> _Records shown_:
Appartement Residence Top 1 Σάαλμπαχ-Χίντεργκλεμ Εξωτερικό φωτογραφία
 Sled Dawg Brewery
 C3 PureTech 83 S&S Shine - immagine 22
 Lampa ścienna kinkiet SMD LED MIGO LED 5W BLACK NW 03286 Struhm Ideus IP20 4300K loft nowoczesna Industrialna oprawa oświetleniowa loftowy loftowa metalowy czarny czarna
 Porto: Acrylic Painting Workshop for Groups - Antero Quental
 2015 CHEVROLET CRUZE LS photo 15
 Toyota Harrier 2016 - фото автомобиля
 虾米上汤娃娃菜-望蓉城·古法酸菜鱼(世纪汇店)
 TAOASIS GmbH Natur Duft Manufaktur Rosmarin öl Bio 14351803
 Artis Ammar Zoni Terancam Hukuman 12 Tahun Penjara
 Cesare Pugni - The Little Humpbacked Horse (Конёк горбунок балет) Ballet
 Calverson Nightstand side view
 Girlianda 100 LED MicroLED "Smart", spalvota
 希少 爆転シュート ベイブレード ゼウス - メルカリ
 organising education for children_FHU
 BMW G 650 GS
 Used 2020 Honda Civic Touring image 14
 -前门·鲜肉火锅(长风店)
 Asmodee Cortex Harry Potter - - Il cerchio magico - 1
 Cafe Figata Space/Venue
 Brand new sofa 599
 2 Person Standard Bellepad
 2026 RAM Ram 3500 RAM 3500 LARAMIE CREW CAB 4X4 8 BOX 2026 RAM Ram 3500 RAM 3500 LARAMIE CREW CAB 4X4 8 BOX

> _Task statement_: Every line from the one that has "虾米上汤娃娃菜-望蓉城·古法酸菜鱼(世纪汇店)" down to the last line above must be written out exactly, with both ends included and nothing else.

> _Result of the task_:
 虾米上汤娃娃菜-望蓉城·古法酸菜鱼(世纪汇店)
 TAOASIS GmbH Natur Duft Manufaktur Rosmarin öl Bio 14351803
 Artis Ammar Zoni Terancam Hukuman 12 Tahun Penjara
 Cesare Pugni - The Little Humpbacked Horse (Конёк горбунок балет) Ballet
 Calverson Nightstand side view
 Girlianda 100 LED MicroLED "Smart", spalvota
 希少 爆転シュート ベイブレード ゼウス - メルカリ
 organising education for children_FHU
 BMW G 650 GS
 Used 2020 Honda Civic Touring image 14
 -前门·鲜肉火锅(长风店)
 Asmodee Cortex Harry Potter - - Il cerchio magico - 1
 Cafe Figata Space/Venue
 Brand new sofa 599
 2 Person Standard Bellepad
 2026 RAM Ram 3500 RAM 3500 LARAMIE CREW CAB 4X4 8 BOX 2026 RAM Ram 3500 RAM 3500 LARAMIE CREW CAB 4X4 8 BOX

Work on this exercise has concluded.